[Form 4] Robinhood Markets, Inc. Insider Trading Activity
Rhea-AI Filing Summary
Baiju Bhatt, a director of Robinhood Markets, Inc. (HOOD), sold 418,338 shares of Class B common stock on 08/14/2025 pursuant to a Rule 10b5-1 trading plan adopted by the Baiju Bhatt Living Trust on 08/12/2024. The sale triggered an automatic conversion of the sold Class B shares into Class A shares upon execution. The trades were executed in multiple transactions at prices ranging from $106.71 to $111.44, with a reported weighted-average price of $109.3927. The Form 4 is signed by Matthew Yorkavich as attorney-in-fact on 08/18/2025. The filing lists ongoing indirect ownership by the Living Trust of 49,849,190 shares following the reported transactions.
Positive
- Transaction executed under a Rule 10b5-1 plan, indicating pre-arranged, documented insider selling
- Weighted-average price disclosed ($109.3927) and execution price range ($106.71 to $111.44) for transparency
- Post-transaction indirect holdings disclosed (49,849,190 shares), providing clarity on continued ownership
Negative
- Large block sold (418,338 shares), which may be viewed as significant insider liquidity
- Form 4 shows conversion mechanics that may complicate simple share-count interpretation for some investors
Insights
TL;DR: Director sold 418,338 Class B shares under a pre-existing 10b5-1 plan at a weighted-average $109.3927, reducing beneficial Class B holdings executed on 08/14/2025.

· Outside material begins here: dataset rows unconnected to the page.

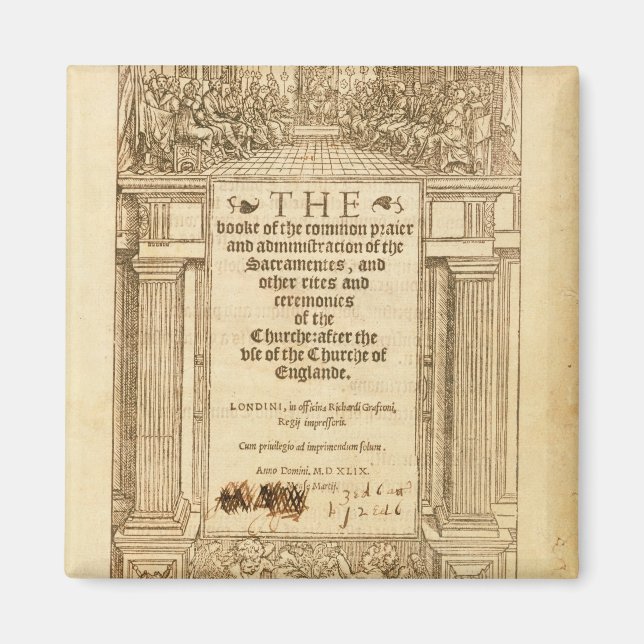 Aimant Frontispiece de "Le Livre de la Prière Commune" (Devant)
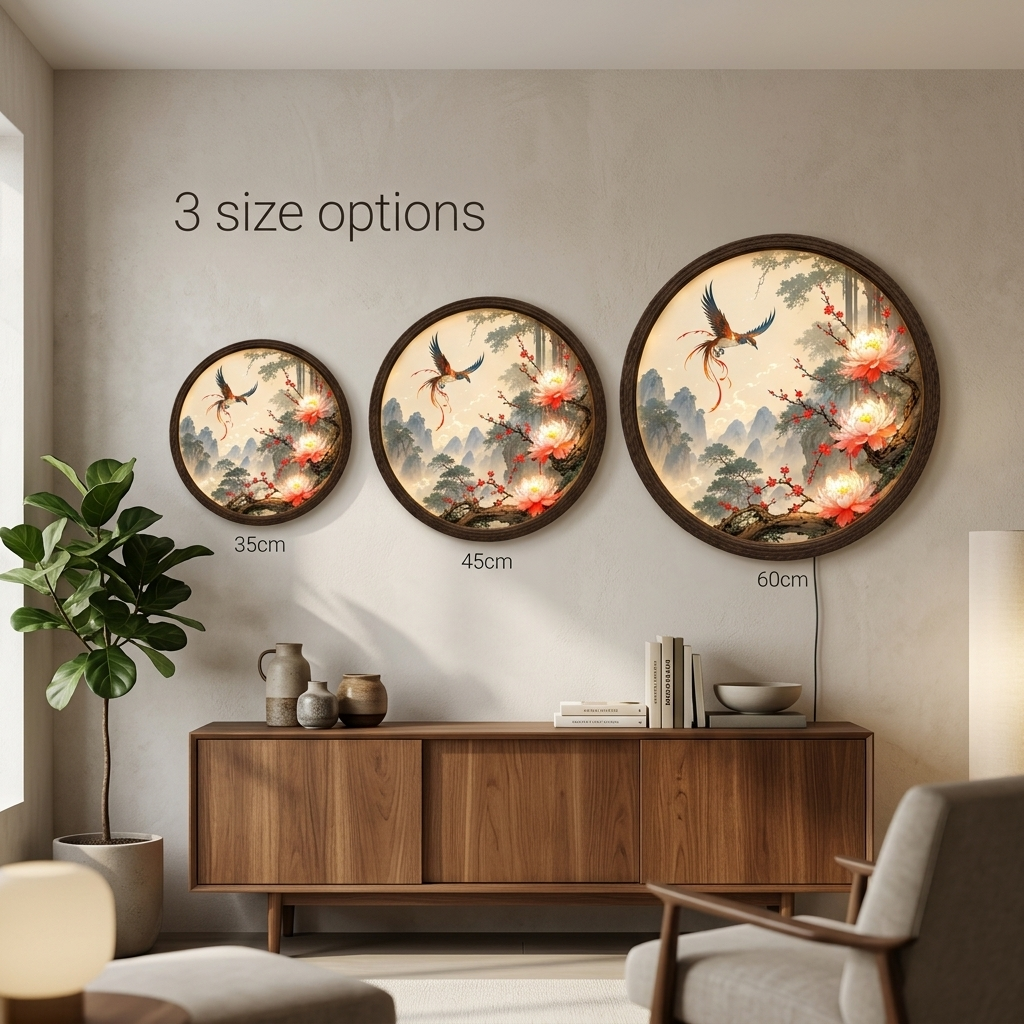Illuminated Phoenix & Peony Round Wall Art – Oriental Landscape LED Light Box Wall Decor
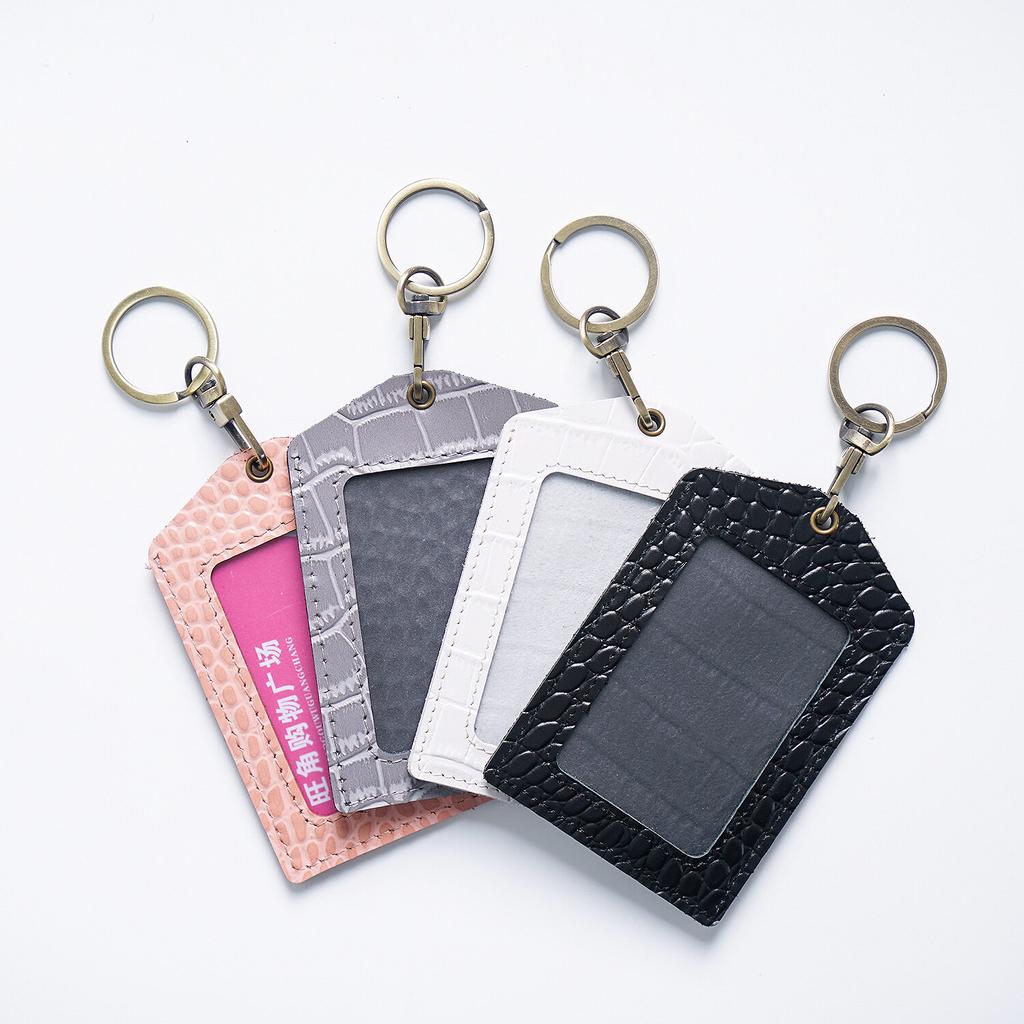Genuine Leather Crocodile Stripes Office Badge Holder Chest Card Bus Card Campus Access Control Student Meal Card Protective Cases with Keychains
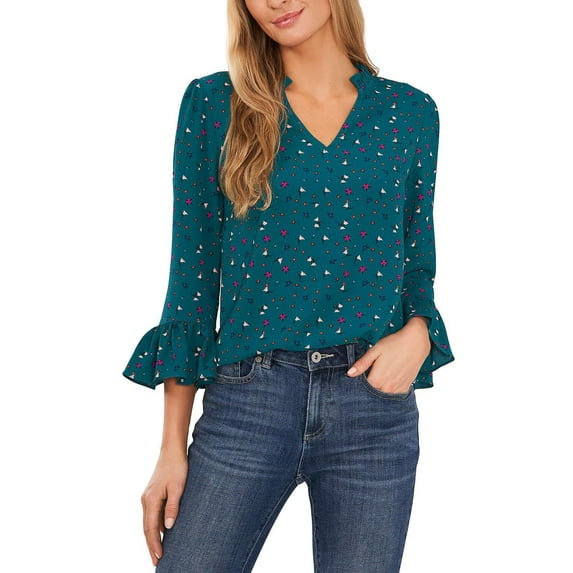 CeCe Womens Ruffle Sleeves V-Neck Blouse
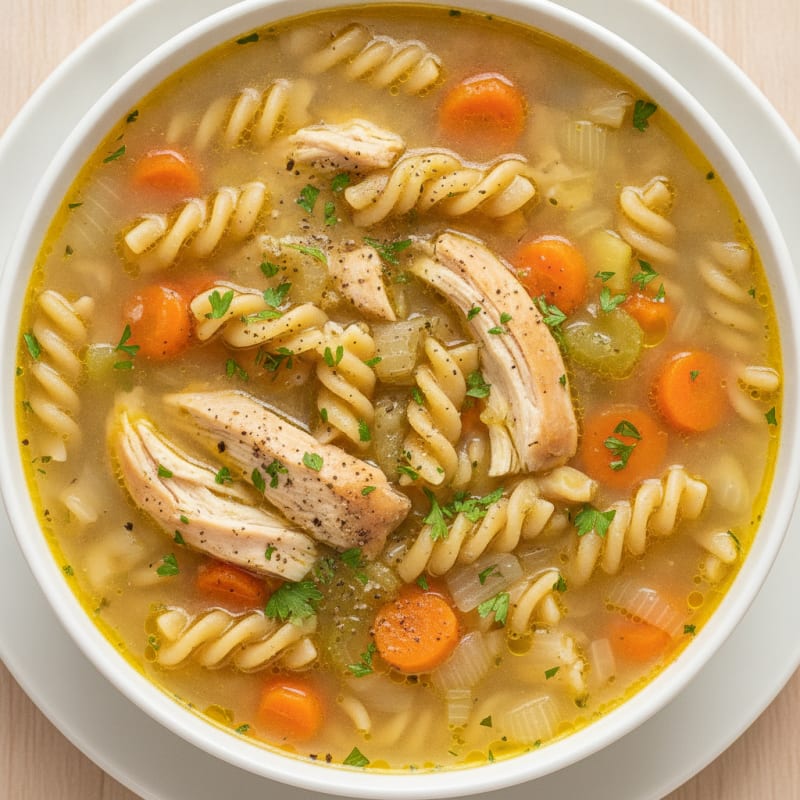 Hearty Chicken Noodle Soup with Herbs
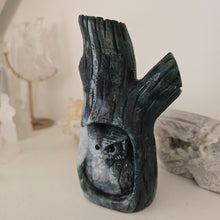 Load image into Gallery viewer, Moss Agate Owl in Tree Stump
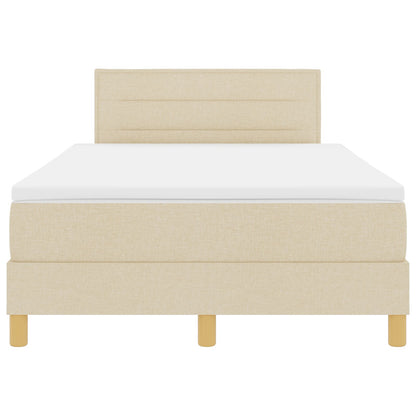 Boxspring Bed Met Matras Stof Crème 120 x 200 cm Lijnen ontwerp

The sale was executed pursuant to a Rule 10b5-1 plan adopted 08/12/2024, which provides affirmative defense to insider trading charges when properly documented. The filing explicitly states the sale converted the sold Class B shares into Class A upon execution and reports a weighted-average execution price range of $106.71 to $111.44. The Trust retains a large indirect stake of 49,849,190 shares after the transactions. This is a routine insider liquidity event documented under safe-harbor procedures rather than an extraordinary corporate development.
TL;DR: Transaction follows a documented 10b5-1 plan and was executed by the Living Trust; governance procedures appear observed.
The Form 4 discloses the reporting person as a director and that the trades were effected pursuant to a pre-established 10b5-1 plan, which the filing notes was adopted on 08/12/2024. The signature is provided by an attorney-in-fact, consistent with delegated execution. The filing provides price range and weighted-average price, and confirms conversion mechanics from Class B to Class A on sale. The disclosure is complete with respect to the transaction details included in the filing.